1. Field of the Invention
The present invention relates to electronic connectors. More particularly, the present invention relates to electronic connectors for connecting circuit boards.
2. Description of the Related Art
A variety of circuit boards and circuit board connectors are used in computer systems. The main circuit board (“main board”) of a computer system such as a PC or server is typically referred to as a motherboard, having a plurality of electronic components connected by electrical communication pathways. Motherboard components include processors, drive controllers, video controllers, primary memory, interrupt controllers, and BIOS, as well as electronic connectors for interfacing with additional components. Electronic connectors are typically included with a main board for connecting additional circuit boards, such as a “daughter card,” to provide electronic communication (i.e. the transfer of power and signal information) between the motherboard and the circuit boards to be connected. The terms “daughter card” and “daughter board” are routinely interchangeably used to refer to an extension or “daughter” of a motherboard or other main board. A daughter board may include plugs, sockets, pins, or connectors for attaching still other boards to the daughter card.

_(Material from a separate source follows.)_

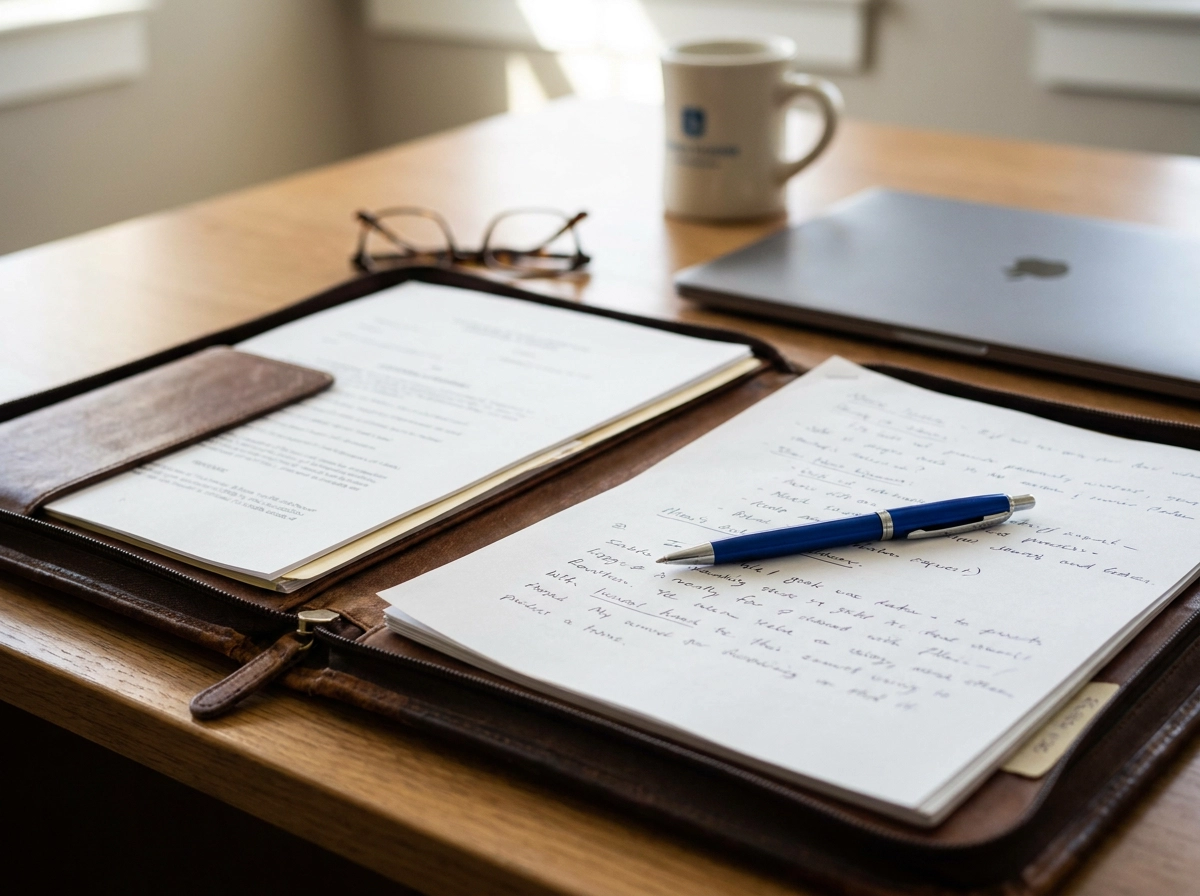 Notepad with handwritten figures, a leather portfolio and a laptop on a desk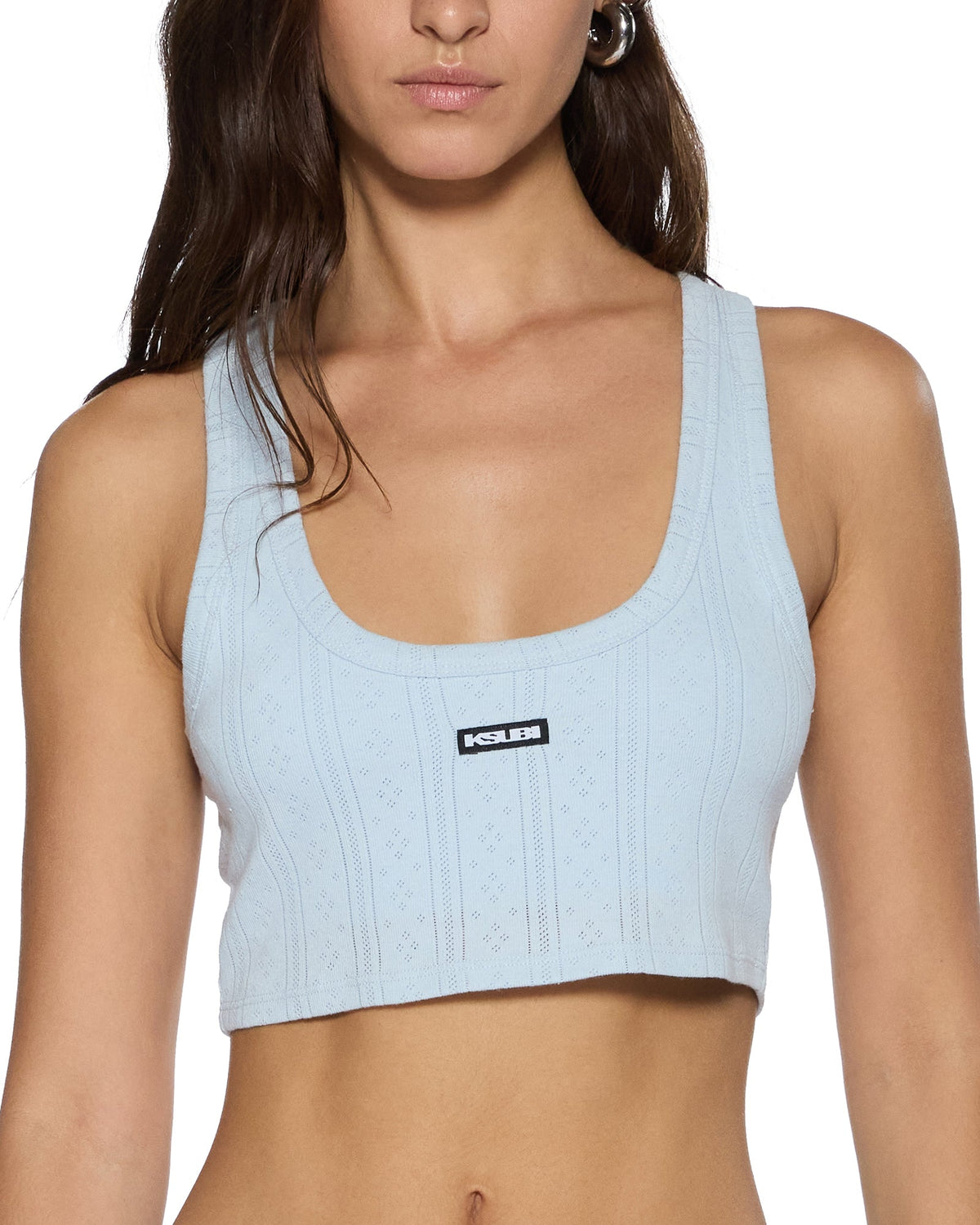 Womens Sott Origin Crop Tank Ice Mist Fitted Fashion Tops - Blue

The term “mezzanine card” is often used to describe a daughter card mounted closely in parallel to a main board to expand the functionality of the main board. This closely-spaced, parallel arrangement helps achieve a compact form factor, which is particularly desirable in applications such as blade servers to minimize blade size and maximize blade density. The connector used to connect a mezzanine board to another circuit board may be referred to as a mezzanine connector. One practical application of a mezzanine board is to expand upon the functionality of the main board to which it attaches, without requiring a redesign of that main board or a redesign of the way in which the main board may attach to another circuit board. For example, a piece of hardware may be upgraded periodically by creating a new mezzanine card having additional or modified functionality, without necessitating a redesign of the main board, itself. One illustration of this mezzanine-type arrangement of circuit boards is the attachment of a MIDI daughter board parallel to a sound card, wherein the sound card itself is attached to a PC motherboard either in a mezzanine arrangement or at a selected angle with respect to the motherboard. The MIDI daughter board may be used to expand the functionality of the sound card without requiring a redesign of the main sound card or the way it attaches to the motherboard.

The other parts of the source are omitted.